Embracing the Power of Contemplation

Embracing the Power of Contemplation

Over the past few years I’ve found Richard Rohr to be such a helpful guide in my quest to grow up and actually be a follower of Jesus. As a Protestant, it’s been important for me to find people from the Catholic faith to teach me the things that God has preserved for his people through their tradition. The practice of contemplation – largely preserved and practiced by the monastics – is challenging me. Contemplation is really a way to step back from our ‘ego’ and the immediacy of life so that we can take a hard look at ourselves. Rohr’s quote below comes from a DVD called The Gospel Call to Compassionate Action. The words about judging, critiquing, and computing are especially convicting for me as a Christian.

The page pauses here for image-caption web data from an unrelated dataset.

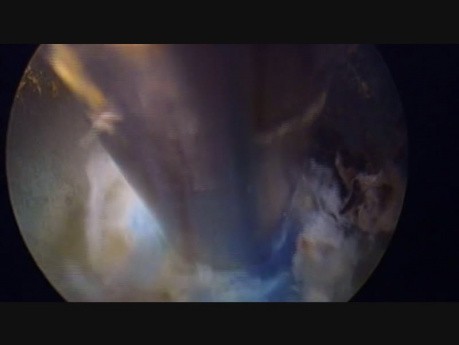 Anuloplastia y Nucleoplastia Endoscópica Lumbar Percutánea (PELAN) de L4 Izquierdo, Cirugía Endoscópica de Columna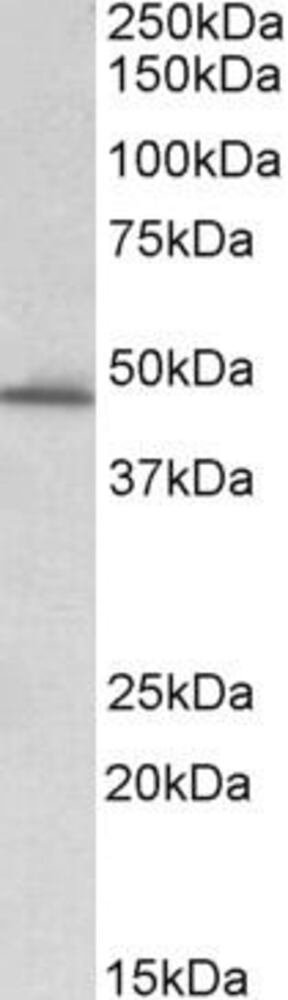 Anti-PAI1 Antibody, 100 µg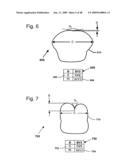 DESIGN OF DENTAL APPLIANCES diagram and image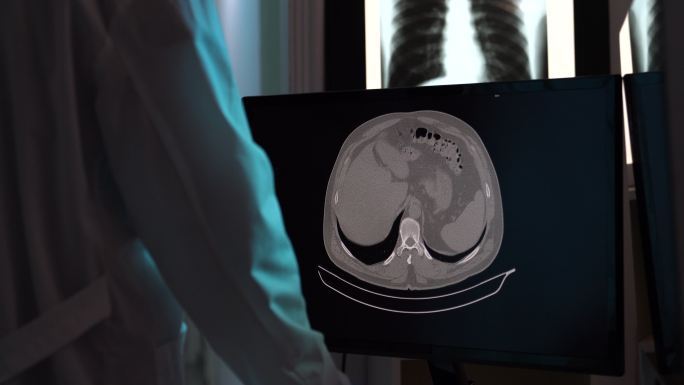 放射科医生在电脑显示器上检查19型冠状病毒CT扫描图像的4K视频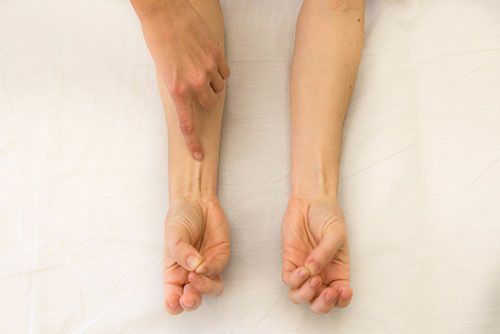 Palmaris Longus - Afbeelding 3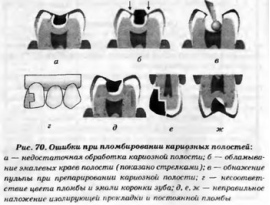 Пломбирование кариозных полостей v класса. Ошибки и осложнения при пломбировании кариозных полостей. Завышение прикуса при пломбировании кариозной полости.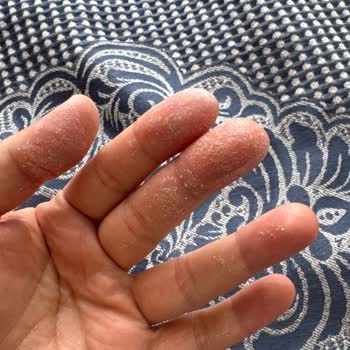 Vanish Beyaz Leke Çıkarıcı Ellerimi Yaktı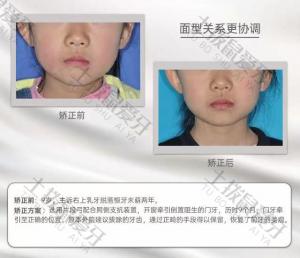 9岁儿童牙齿早期干预矫正案例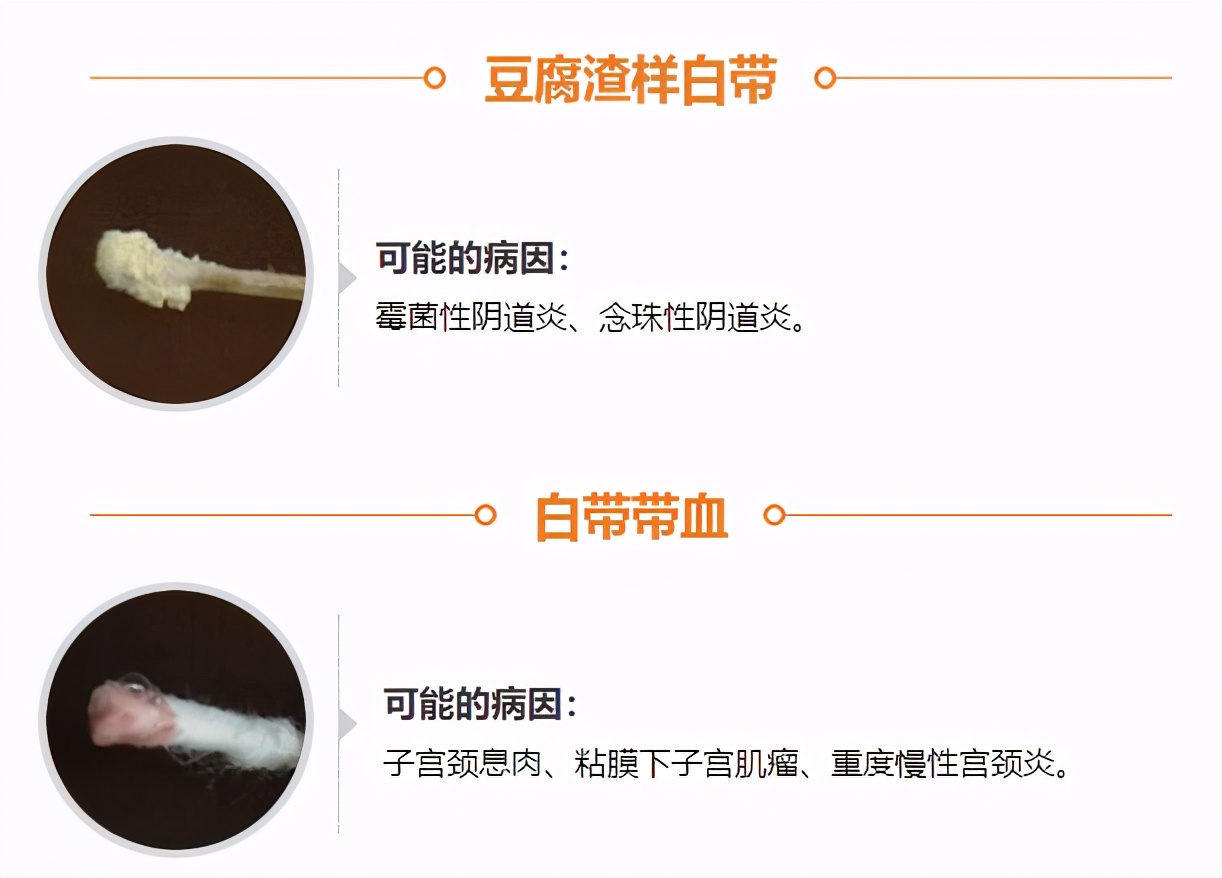 白带发黄是什么问题几天会结痂,白带发黄粘稠是什么病的前兆呢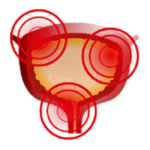 Sevinal Opti – коментари – бг мама- мнения – форум – отзиви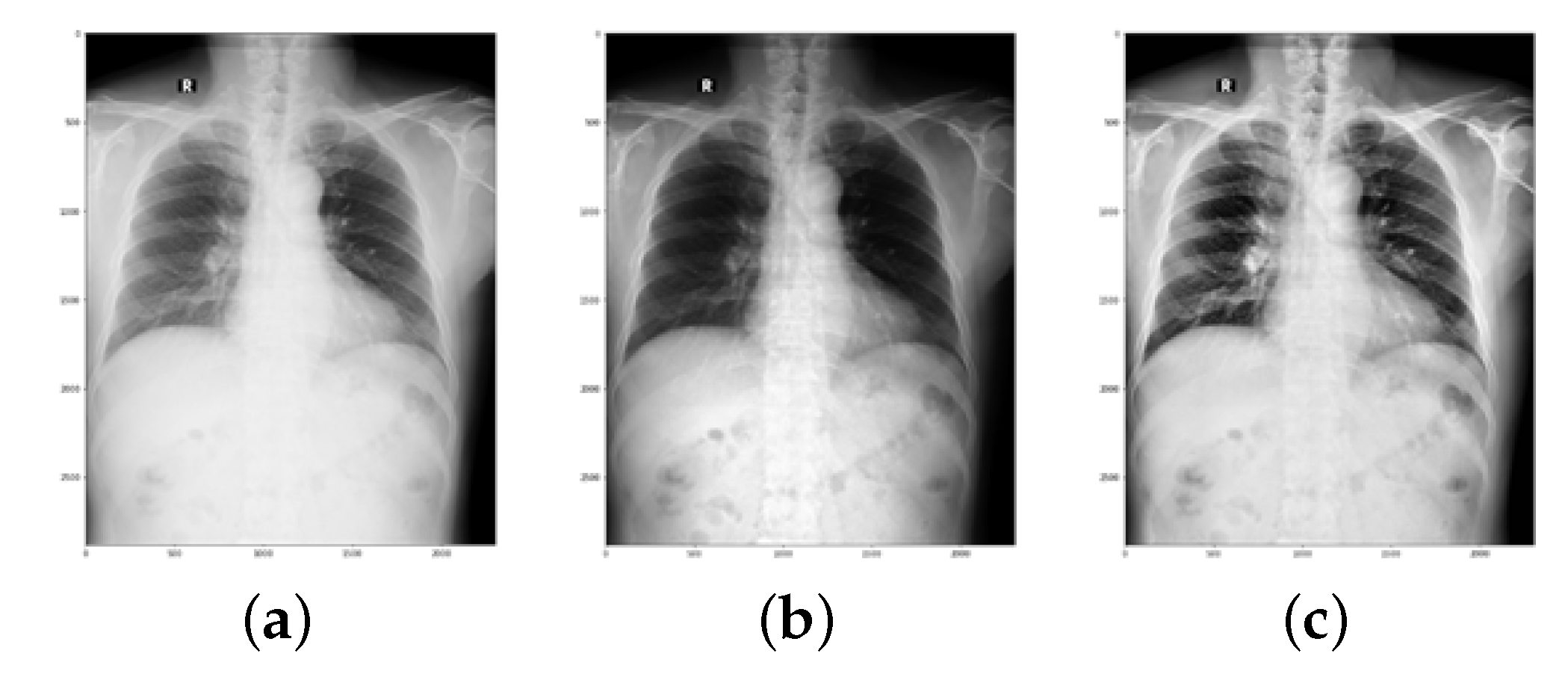 Sensors 22 03846 g008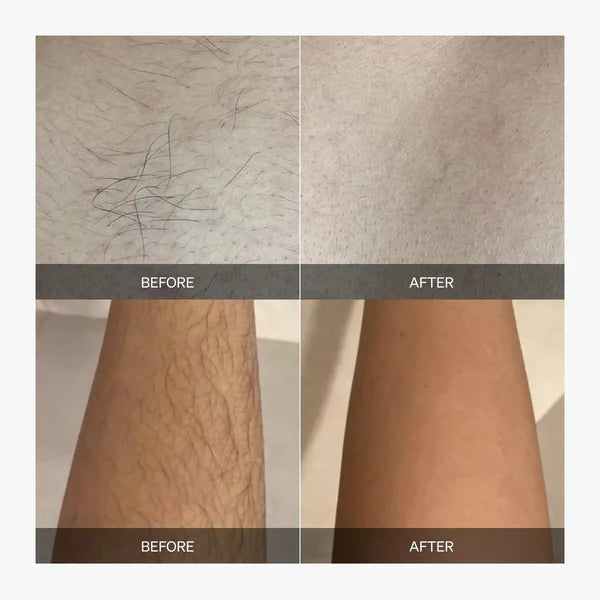 Veloura™ — Reveal Silky, Pain-Free Smoothness That Lasts and Empowers Your Glow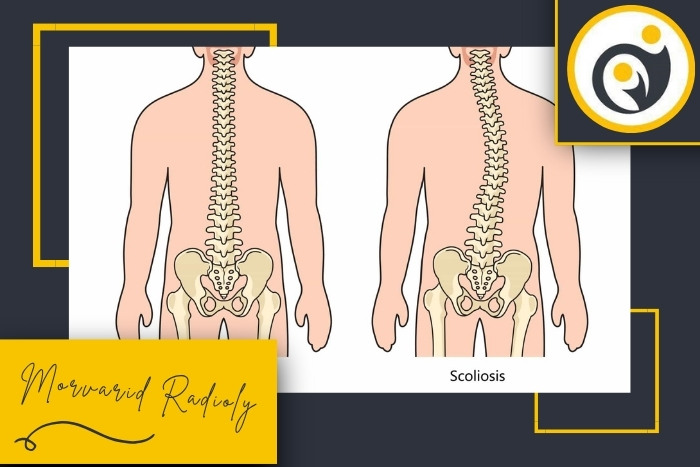چگونه اسکولیوز بر وضعیت ستون فقرات تاثیر می‌گذارد؟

How much of my life is dedicated to those wasteful actions and thought patterns? Rohr says:

“Contemplation is meeting reality in its most simple and immediate form. The only way you can do this is by getting rid of your usual mental grid—your practiced ways of judging, critiquing, and computing everything. That’s why the mind has to be placed to the side. It just operates in its habitual neural grooves, and nothing really new can get in. God, who is always new and mysterious, has very little chance of breaking through.

Finally, “you,” that is, your small mental ego, is out of the way! Once you experience this more oceanic awareness, you’ll never finally be satisfied with anything less. You now have “the mind of Christ” (1 Corinthians 2:16), as presumptuous, arrogant, and scary as that might sound.